Ah the good old days. Remember back in 2005 when Delta introduced SimpliFares and they were going to cap fares at $599 each way and end Saturday night stays? Those days are looooooong gone.
This article notes that a number of airlines (including Continental, American, United and Northwest) have re-introduced Saturday night stays in a handful of markets (ie, where they have no low fare carrier competition), and they’re happy with the results. Continental has also imposed 3-day advanced purchase rules where once there was no advanced purchase requirement. The airline has noted no falloff in demand, so look for these rules to grow to more markets.
Speaking of which (sort of) — A friend was recently flying between New York and Cincinnati and tickets were a very reasonable $1600 round trip (about the same cost as a business class ticket to London on SilverJet). So to combat this ridiculousness, I set him up with 2 one-way hidden city tickets which lowered the cost to about $600. Great. Except they canceled the flight home and I was terrified that instead of routing him to New York, they would route him to the final destination on the ticket, rather than to the stopover city. In the end, they did not. But I bring this up mostly as something to keep in mind should you buy a hidden city ticket — have a backup plan if your flight is canceled.

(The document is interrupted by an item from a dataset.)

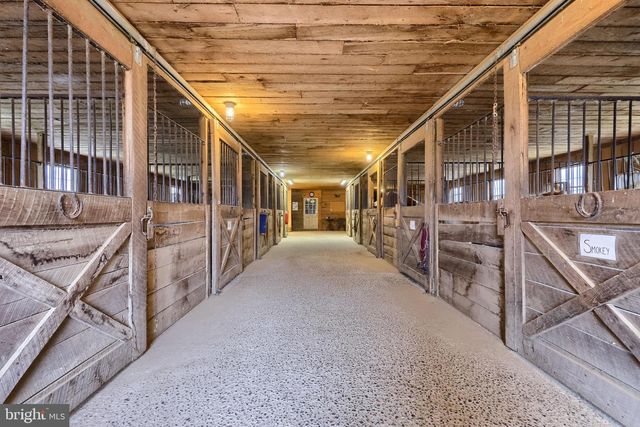 76 S BRICK LN, Elverson, PA 19520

(if you’re wondering what “hidden city” means, it’s this: Let’s say a ticket from New York to Detroit was $1200, but a ticket from New York to Minneapolis with a stop in Detroit was $200, Detroit is the so-called “hidden city,” because that’s where you’re going to get off the plane. Should you try this, remember not to check any bags and to NOT give your frequent flyer number, as airlines can, theoretically, retaliate against you if they find out you did this.)
(Quick follow up: Long time Reader Doug asked what I meant by “retaliate.” If an airline figures out that you’ve done a hidden city ticket — which goes against the contract of carriage — they are not above closing down your frequent flyer account and taking away your accumulated miles. If you’re going to do this, DO NOT give your frequent flyer number.)